The recent advance of neural fields, such as neural radiance fields, has significantly pushed the boundary of scene representation learning. Aiming to boost the computation efficiency and rendering quality of 3D scenes, a popular line of research maps the 3D coordinate system to another measuring system, e.g., 2D manifolds and hash tables, for modeling neural fields. The conversion of coordinate systems can be typically dubbed as gauge transformation, which is usually a pre-defined mapping function, e.g., orthogonal projection or spatial hash function. This begs a question: can we directly learn a desired gauge transformation along with the neural field in an end-to-end manner? In this work, we extend this problem to a general paradigm with a taxonomy of discrete & continuous cases, and develop an end-to-end learning framework to jointly optimize the gauge transformation and neural fields. To counter the problem that the learning of gauge transformations can collapse easily, we derive a general regularization mechanism from the principle of information conservation during the gauge transformation. To circumvent the high computation cost in gauge learning with regularization, we directly derive an information-invariant gauge transformation which allows to preserve scene information inherently and yield superior performance.

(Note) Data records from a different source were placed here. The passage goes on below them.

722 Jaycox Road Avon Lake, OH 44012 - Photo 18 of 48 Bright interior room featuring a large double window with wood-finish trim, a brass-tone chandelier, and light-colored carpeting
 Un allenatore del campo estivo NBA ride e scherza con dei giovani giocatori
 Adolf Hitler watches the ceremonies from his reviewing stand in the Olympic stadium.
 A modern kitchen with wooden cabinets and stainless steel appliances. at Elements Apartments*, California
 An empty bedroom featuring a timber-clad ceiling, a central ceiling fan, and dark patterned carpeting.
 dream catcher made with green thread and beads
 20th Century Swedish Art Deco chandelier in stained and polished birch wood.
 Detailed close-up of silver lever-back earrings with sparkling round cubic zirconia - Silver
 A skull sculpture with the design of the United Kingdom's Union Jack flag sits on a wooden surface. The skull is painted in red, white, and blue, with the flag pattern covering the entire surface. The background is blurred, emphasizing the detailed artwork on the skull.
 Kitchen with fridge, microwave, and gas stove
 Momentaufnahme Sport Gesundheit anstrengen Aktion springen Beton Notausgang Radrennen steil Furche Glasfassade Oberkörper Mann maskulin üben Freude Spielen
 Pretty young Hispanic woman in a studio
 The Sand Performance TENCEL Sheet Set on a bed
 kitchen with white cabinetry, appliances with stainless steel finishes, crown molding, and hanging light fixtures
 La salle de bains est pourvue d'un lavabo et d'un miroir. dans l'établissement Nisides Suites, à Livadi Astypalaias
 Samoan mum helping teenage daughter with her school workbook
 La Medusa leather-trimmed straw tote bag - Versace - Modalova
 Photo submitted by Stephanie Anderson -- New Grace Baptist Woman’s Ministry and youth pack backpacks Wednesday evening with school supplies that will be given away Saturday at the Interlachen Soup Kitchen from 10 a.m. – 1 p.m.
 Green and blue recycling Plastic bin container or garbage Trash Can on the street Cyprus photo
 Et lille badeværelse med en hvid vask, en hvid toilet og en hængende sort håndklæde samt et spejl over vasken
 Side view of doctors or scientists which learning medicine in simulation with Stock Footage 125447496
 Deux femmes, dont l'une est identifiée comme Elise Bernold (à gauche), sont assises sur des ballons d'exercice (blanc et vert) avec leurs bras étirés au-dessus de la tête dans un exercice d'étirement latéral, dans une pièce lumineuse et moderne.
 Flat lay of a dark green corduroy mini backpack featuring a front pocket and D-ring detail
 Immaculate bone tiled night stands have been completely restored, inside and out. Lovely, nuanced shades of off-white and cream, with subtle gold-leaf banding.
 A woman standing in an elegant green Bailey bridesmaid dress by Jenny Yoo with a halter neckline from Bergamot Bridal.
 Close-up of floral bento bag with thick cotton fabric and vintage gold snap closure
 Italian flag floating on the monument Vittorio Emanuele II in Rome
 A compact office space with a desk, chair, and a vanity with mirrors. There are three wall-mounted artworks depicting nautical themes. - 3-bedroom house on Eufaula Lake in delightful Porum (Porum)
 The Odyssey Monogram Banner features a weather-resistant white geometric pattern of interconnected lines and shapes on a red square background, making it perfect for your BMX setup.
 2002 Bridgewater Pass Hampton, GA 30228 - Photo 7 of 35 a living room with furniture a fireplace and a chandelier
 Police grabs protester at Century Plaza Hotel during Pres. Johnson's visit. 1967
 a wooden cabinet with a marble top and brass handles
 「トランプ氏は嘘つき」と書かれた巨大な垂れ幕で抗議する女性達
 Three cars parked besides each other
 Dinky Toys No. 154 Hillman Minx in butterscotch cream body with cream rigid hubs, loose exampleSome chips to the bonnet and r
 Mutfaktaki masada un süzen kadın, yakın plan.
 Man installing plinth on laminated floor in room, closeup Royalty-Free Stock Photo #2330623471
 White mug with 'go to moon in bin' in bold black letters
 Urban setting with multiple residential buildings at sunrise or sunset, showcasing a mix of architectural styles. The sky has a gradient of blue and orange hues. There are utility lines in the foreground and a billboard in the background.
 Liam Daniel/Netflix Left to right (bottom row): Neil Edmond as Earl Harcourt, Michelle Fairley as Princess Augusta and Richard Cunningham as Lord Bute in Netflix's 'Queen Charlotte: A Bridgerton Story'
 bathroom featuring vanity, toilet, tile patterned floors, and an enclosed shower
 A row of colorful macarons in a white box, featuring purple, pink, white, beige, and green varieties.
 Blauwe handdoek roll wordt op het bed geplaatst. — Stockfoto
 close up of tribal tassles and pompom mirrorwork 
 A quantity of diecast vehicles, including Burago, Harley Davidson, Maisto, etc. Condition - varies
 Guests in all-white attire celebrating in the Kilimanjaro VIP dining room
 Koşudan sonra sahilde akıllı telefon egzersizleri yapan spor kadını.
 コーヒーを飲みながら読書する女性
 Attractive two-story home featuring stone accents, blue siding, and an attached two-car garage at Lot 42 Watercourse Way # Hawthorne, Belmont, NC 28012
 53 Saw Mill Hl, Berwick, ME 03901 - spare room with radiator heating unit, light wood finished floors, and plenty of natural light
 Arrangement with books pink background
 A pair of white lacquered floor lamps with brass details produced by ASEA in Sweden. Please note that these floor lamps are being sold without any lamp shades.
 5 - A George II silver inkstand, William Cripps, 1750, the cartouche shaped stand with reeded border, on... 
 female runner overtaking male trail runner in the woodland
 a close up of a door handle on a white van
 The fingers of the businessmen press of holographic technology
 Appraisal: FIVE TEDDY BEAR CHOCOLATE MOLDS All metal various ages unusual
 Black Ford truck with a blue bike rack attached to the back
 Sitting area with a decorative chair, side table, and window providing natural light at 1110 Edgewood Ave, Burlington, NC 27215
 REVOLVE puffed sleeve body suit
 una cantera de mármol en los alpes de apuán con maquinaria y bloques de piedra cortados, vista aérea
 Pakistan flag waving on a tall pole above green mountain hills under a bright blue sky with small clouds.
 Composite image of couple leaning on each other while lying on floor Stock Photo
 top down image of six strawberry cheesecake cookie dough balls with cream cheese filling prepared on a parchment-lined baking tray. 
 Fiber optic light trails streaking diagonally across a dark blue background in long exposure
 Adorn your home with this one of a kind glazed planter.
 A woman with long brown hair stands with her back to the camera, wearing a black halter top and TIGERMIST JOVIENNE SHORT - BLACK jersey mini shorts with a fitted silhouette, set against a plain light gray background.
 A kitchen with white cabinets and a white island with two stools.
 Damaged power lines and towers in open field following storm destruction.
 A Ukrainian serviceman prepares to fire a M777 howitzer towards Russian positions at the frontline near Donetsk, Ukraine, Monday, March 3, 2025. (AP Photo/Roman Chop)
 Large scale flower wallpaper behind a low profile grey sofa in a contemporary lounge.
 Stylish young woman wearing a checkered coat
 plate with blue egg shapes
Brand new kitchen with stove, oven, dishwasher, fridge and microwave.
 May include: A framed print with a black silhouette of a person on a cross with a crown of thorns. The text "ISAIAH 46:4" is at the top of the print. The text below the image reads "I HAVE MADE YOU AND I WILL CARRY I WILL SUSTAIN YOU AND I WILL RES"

翻译：神经场（如神经辐射场）的最新进展显著推动了场景表征学习的发展。为提高三维场景的计算效率和渲染质量，一类主流研究方向是将三维坐标系映射至其他测量系统（如二维流形和哈希表）以建模神经场。这种坐标系转换通常被称为规范变换，其映射函数（如正交投影或空间哈希函数）往往是预先定义的。由此引发一个关键问题：能否以端到端方式与神经场同步学习所需的规范变换？本文将问题扩展至包含离散与连续案例分类的通用范式，并构建了一个端到端学习框架以联合优化规范变换与神经场。针对规范变换学习易崩塌的问题，我们基于规范变换过程中的信息守恒原理推导了一种通用正则化机制。为避免引入正则化后规范学习的高计算成本，我们进一步直接推导出信息不变规范变换，该变换得以固有地保留场景信息并实现优越性能。